Best of R.E.M. – 1982-1996 (playlist)

Somebody asked me what I thought was the best R.E.M. album. They had several great albums so it took some deliberation to come up with a worthy and well considered response.  But I did know that R.E.M.’s three best albums are easily Murmur, Reckoning and Automatic For The People, so I could start there.

Murmur is amazing.  It is an album that is out of time.  It sounded like nothing else when it came out.  It sounded like nothing before it and, actually, like very little after it.  It is a masterful and enigmatic debut from a band with a new sound that was fully formed when they arrived.  Murmur’s influence on music then and contemporary popular music since is profound and inestimable.  For all the great albums out there, not all of them can claim that they changed music.  Murmur is definitely one of the albums that did.

A year after their auspicious debut, R.E.M. amazingly soars to new heights with their follow up, Reckoning.  Here they craft their sound into pop songs that are at once catchy like you’ve known them all along but that also sound like absolutely nothing that came before.  The songwriting is unique and memorable and the band plays with a propulsive drive that is unequaled on any of their other albums.  Reckoning’s influence on almost all alternative music since is as far-reaching as Murmur if not more.

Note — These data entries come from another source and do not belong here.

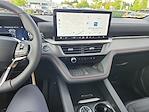 2025 Ford Explorer 4WD SUV for sale #EB72149 - photo 17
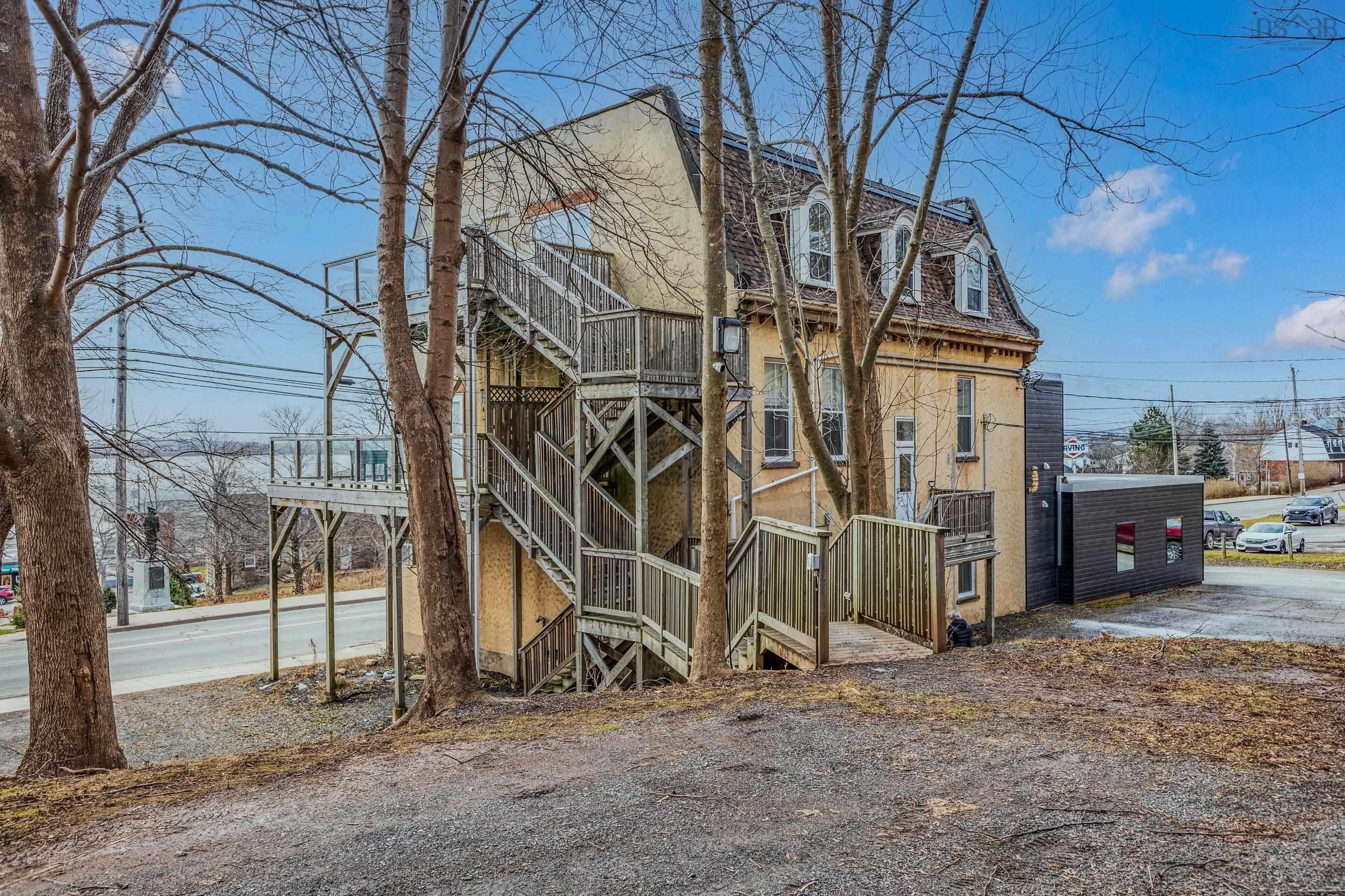 $1,125,000.00: 82 Church Street, Pictou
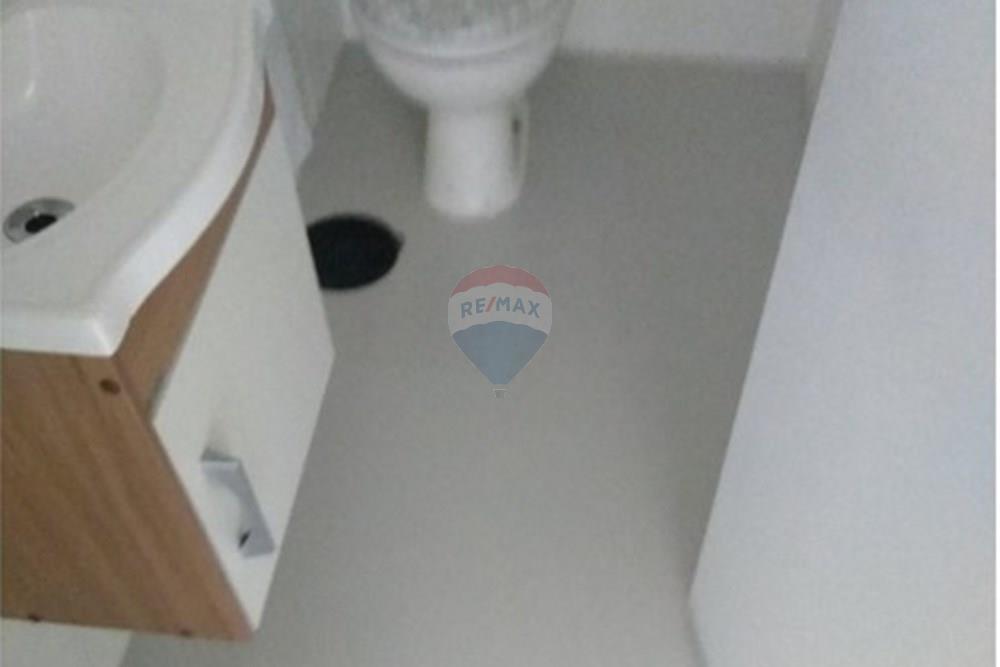 Cj. Comercial/ Sala - Venda - São José dos Campos , São Paulo - WhatsApp Image 2025-06-05 at 09.14.23.jpeg - 631471007-121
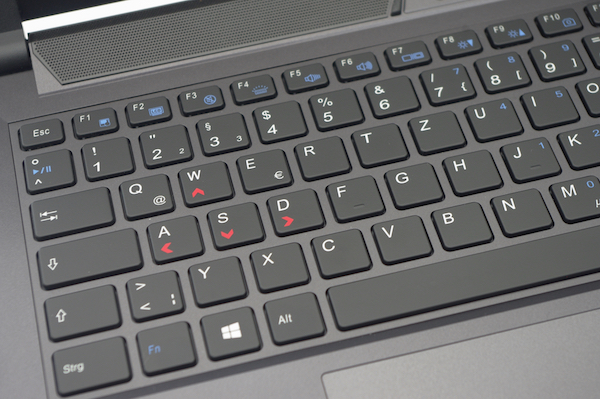 xmg p406 pro test 11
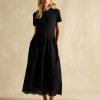 Wardrobeedit.shop2af0b44508 1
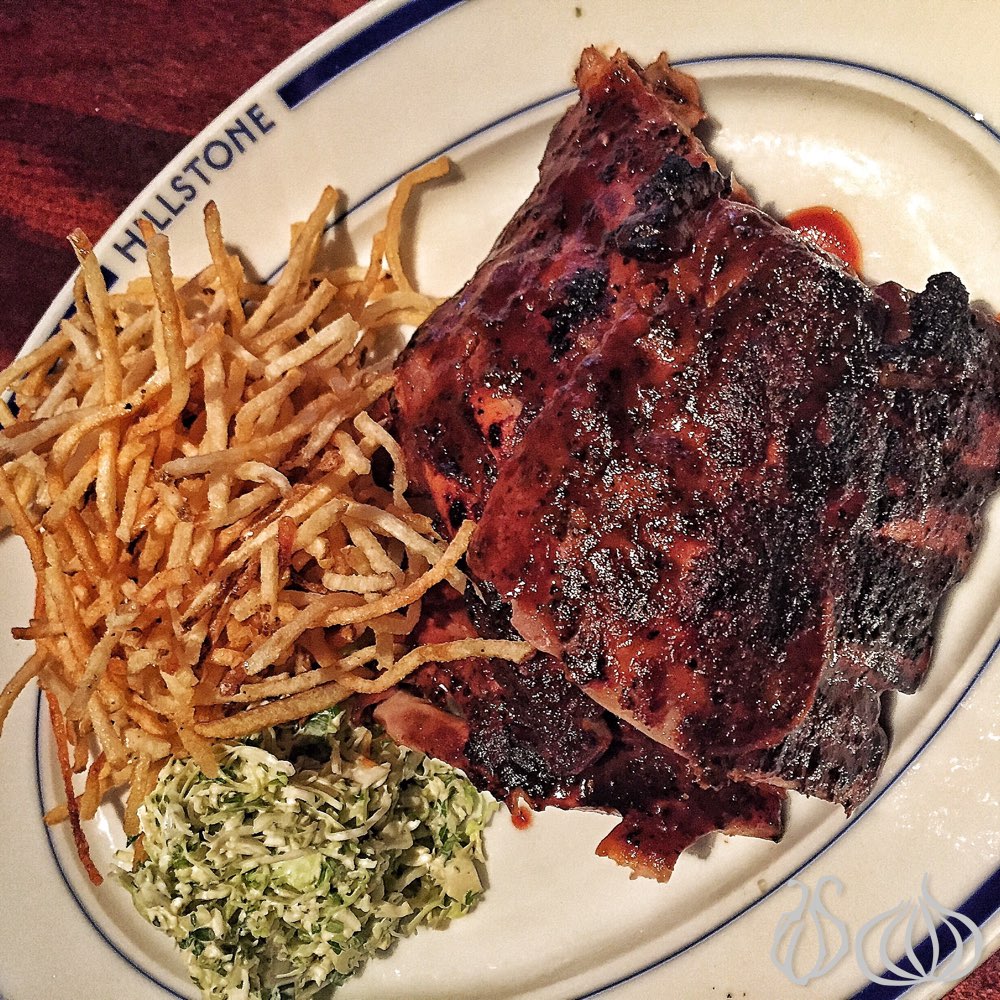 hillstone-new-york-pork-ribs232015-07-21-12-28-23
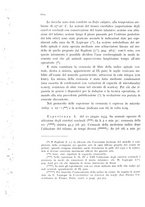 giornale/CFI0388512/1934/unico/00000680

Five albums and a switch to a major label later, R.E.M. deliver their most transcendent masterpiece, the haunting and elegiac Automatic For The People. It is a timeless album from a band at the height of their powers.  Moving away from the pop of their two previous albums, Green and Out of Time, Automatic harkens back to their roots but their ruminations on life and loss make it epic in scope. Automatic may not be as exciting as Murmur or Reckoning but it has the edge on them because of its emotional depth and what it lacks in importance it makes up for with greatness.

Here’s how R.E.M.’s top five albums shake out for me:

1.  Automatic For The People  (1992)

Automatic for the People

2.  Reckoning  (1983)

Reckoning

3.  Murmur  (1983)

Murmur

4.  Life’s Rich Pageant  (1986)

Life's Rich Pageant

5.  Document  (1987)

Document

 

With a band like R.E.M. it is always good to revisit their albums in their entirety from time to time because it reminds us of how great their body of work actually is, where they were at the time and a little of how it felt when each was released.  They were truly a great band. They arguably had thirteen years or so of greatness – which were basically the years with Bill Berry – and then thirteen years that were good but, unfortunately, never attained the same level of greatness.  They definitely made some very good music in the second half of their recording career but Berry’s departure feels like something from which the band never quite recovered.  It was like there was always something missing and some of the magic was lost.  That drummer was more of an integral part of the band than anyone could have realized.

Here is my playlist of the best R.E.M. songs from when they were a quartet (1982-1996), presented chronologically.  In some instances, especially for the first couple of albums, I chose the best version of the song I could find when the version I would have preferred was not available.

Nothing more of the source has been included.